____ INPUT

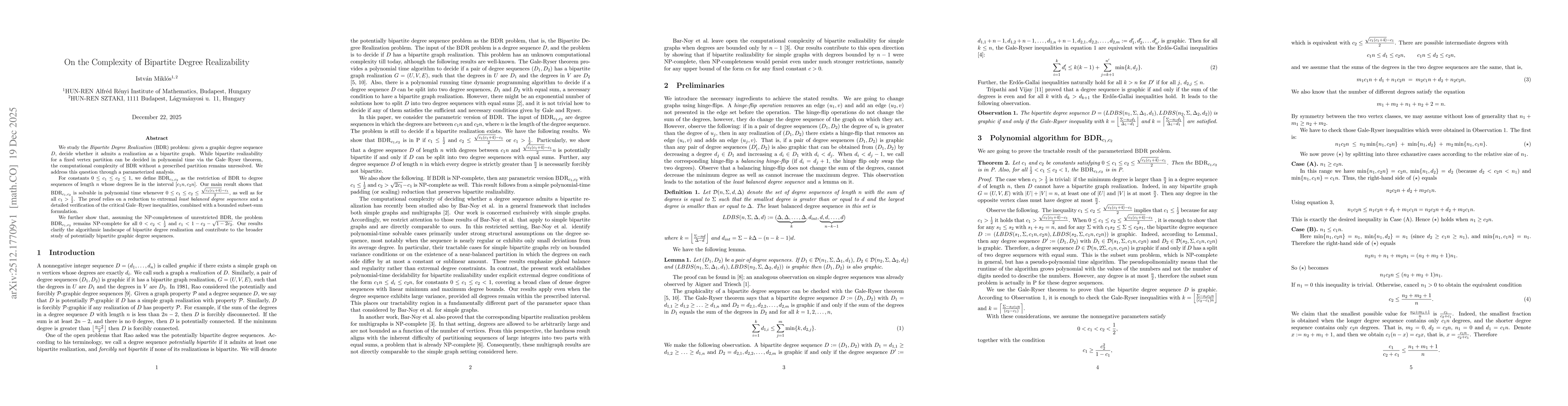 Thumbnail for On the Complexity of Bipartite Degree Realizability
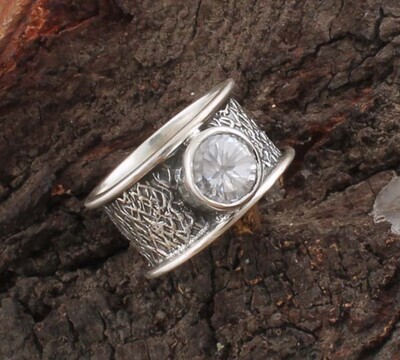 Beautiful White Zircon AAA+Quality Gemstone Ring, Antique Silver Designer Ring,Middle Finger Ring, Cute Stone Round Ring,925 Sterling Silver Ring,Gifts For Him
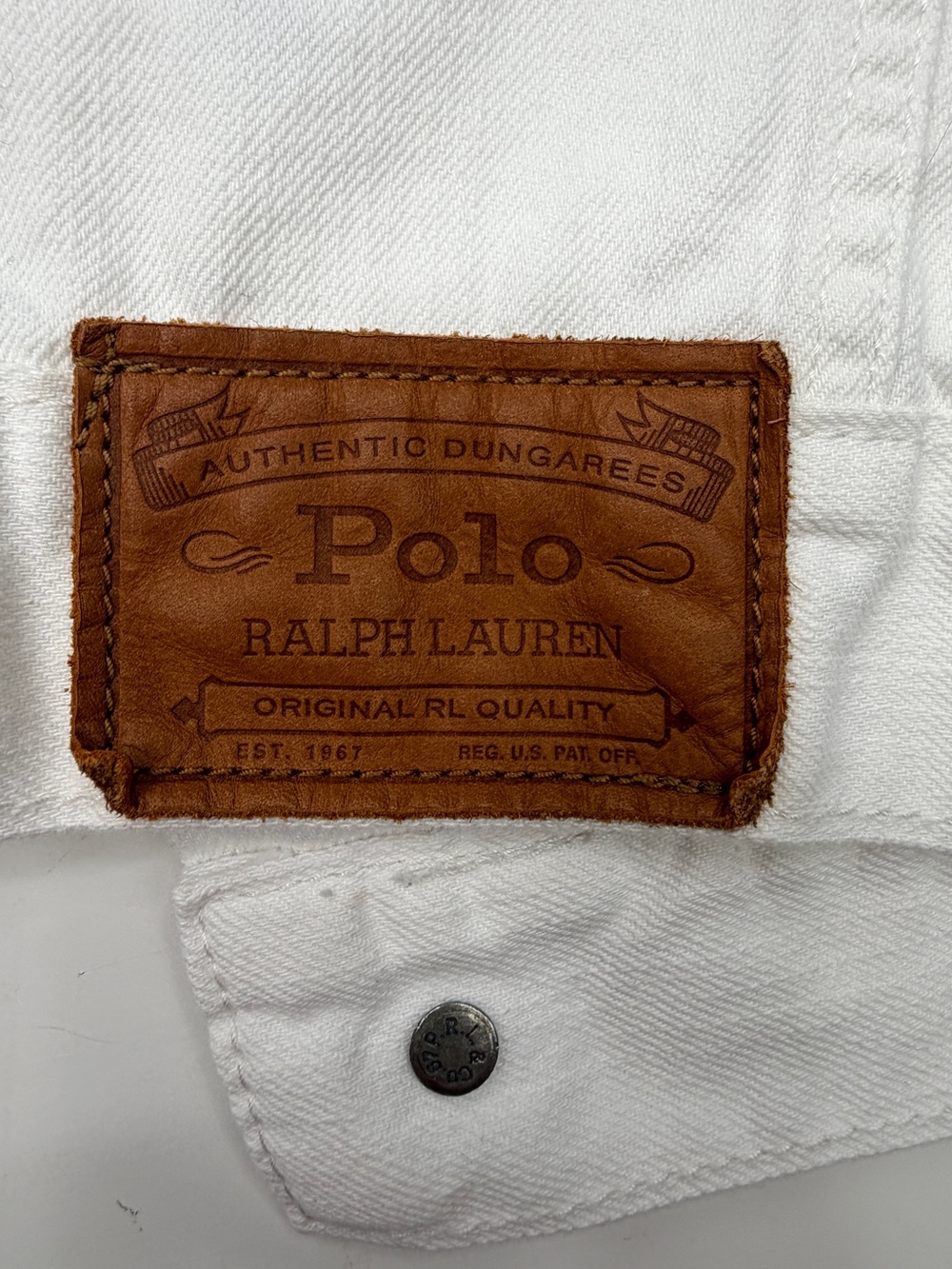 Y2K Vintage 90s White Polo Ralph Lauren Denim Trucker Jacket - Women's GUC Small - Picture 7 of 8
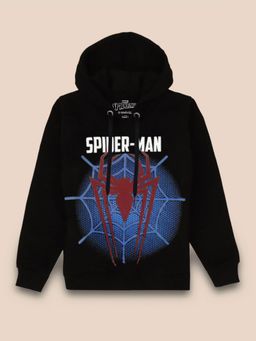 Kidsville - Boys Spiderman Printed Black Hoodie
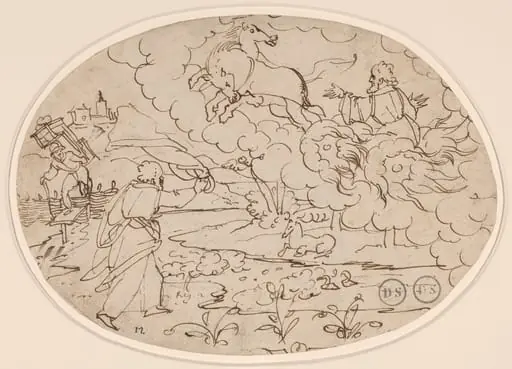 Elisha Watching Elijah in the Fiery Chariot, by Hans Jakob Nüscheler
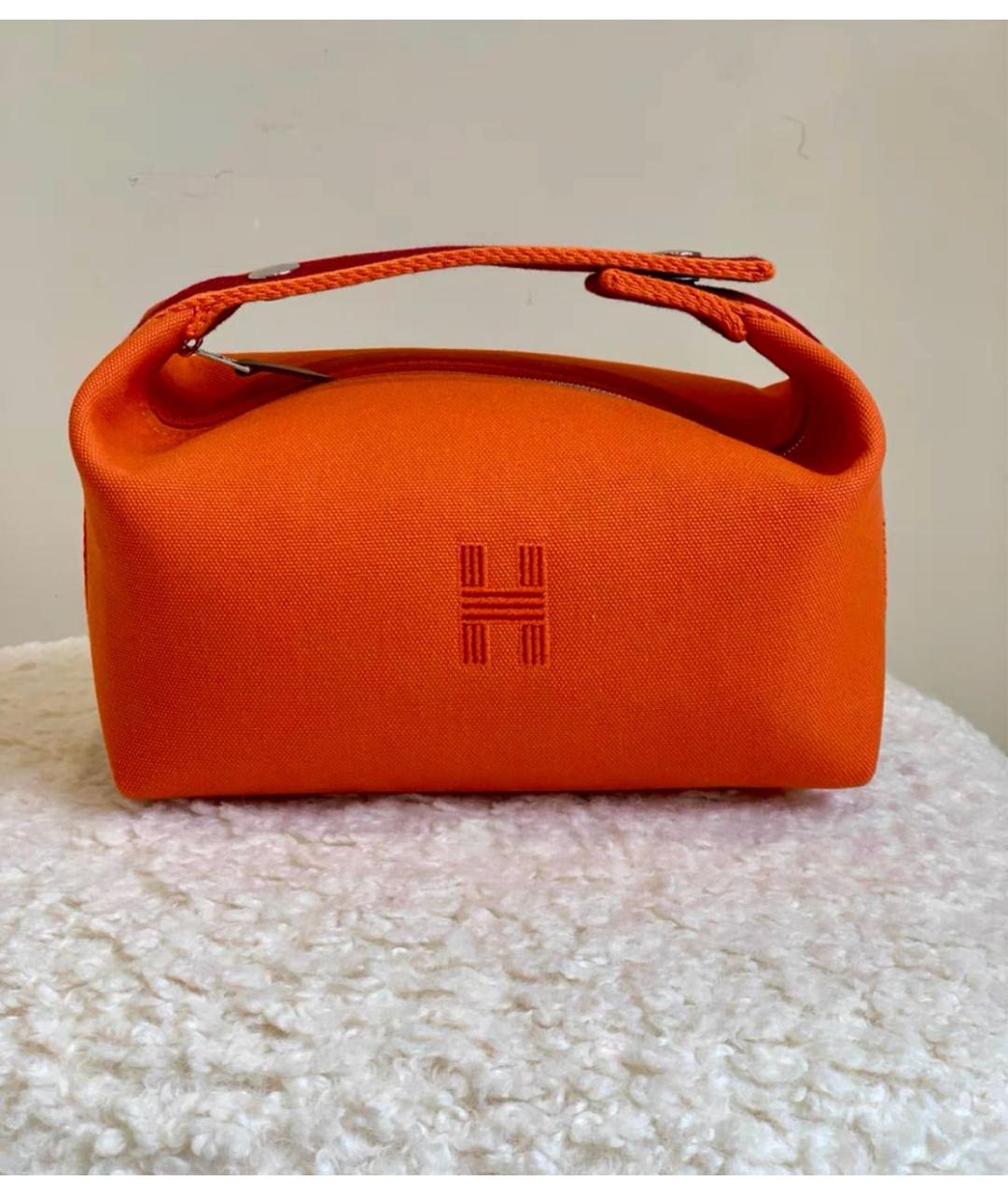 HERMES PRE-OWNED Оранжевая хлопковая косметичка, фото 2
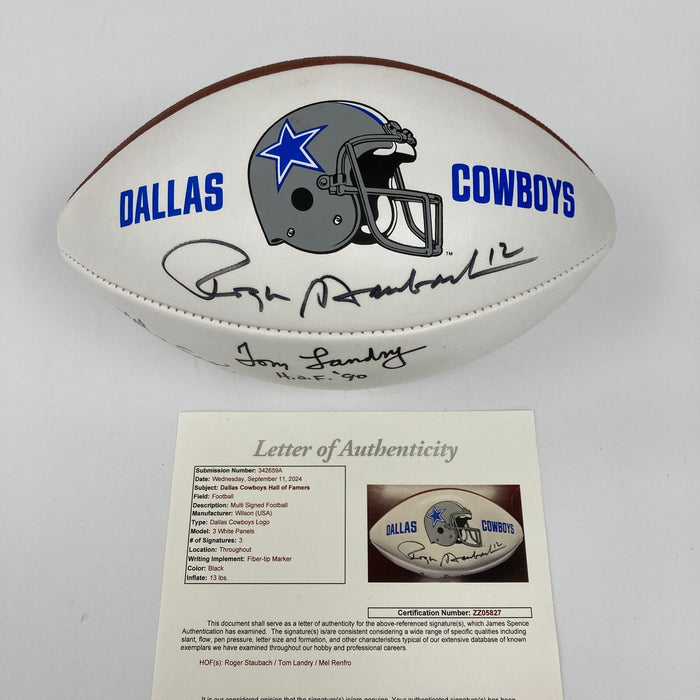 Tom Landry HOF 1990 Roger Staubach Signed Dallas Cowboys Football JSA COA
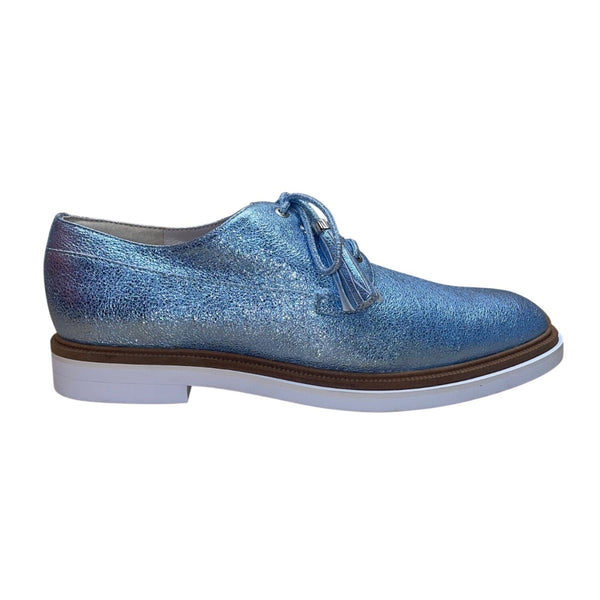 Kenneth Cole Annie Womens Blue Glitter Leather Lace-Up Oxford Shoes Size 8M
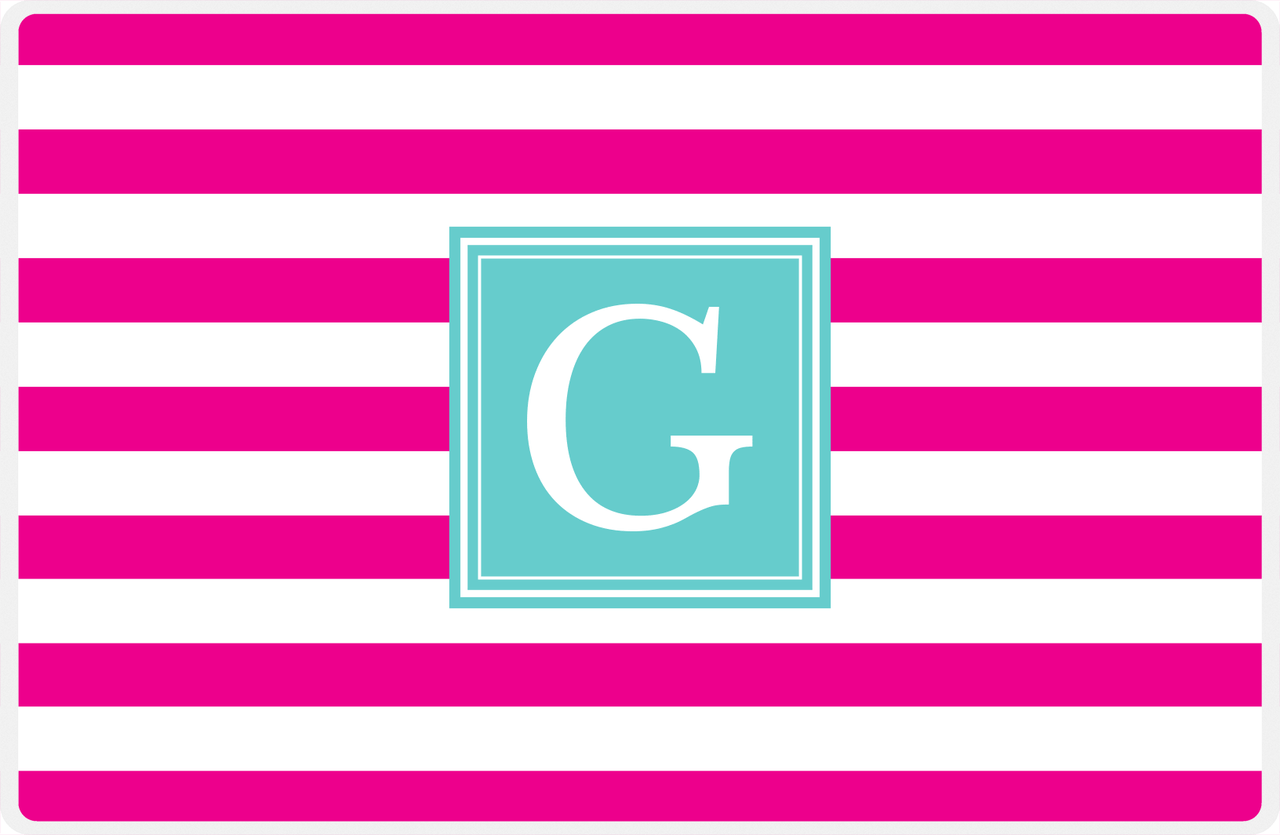 Personalized Striped Placemat - Hot Pink and White Stripes - Viking Blue Square Frame -  View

________

What's needed is an exact copy of the records above from the line containing "Y2K Vintage 90s" down to the line containing "HERMES PRE-OWNED Оранжевая", both included, without any pictures.

**SOLUTION:**
 Y2K Vintage 90s White Polo Ralph Lauren Denim Trucker Jacket - Women's GUC Small - Picture 7 of 8
 Kidsville - Boys Spiderman Printed Black Hoodie
 Elisha Watching Elijah in the Fiery Chariot, by Hans Jakob Nüscheler
 HERMES PRE-OWNED Оранжевая хлопковая косметичка, фото 2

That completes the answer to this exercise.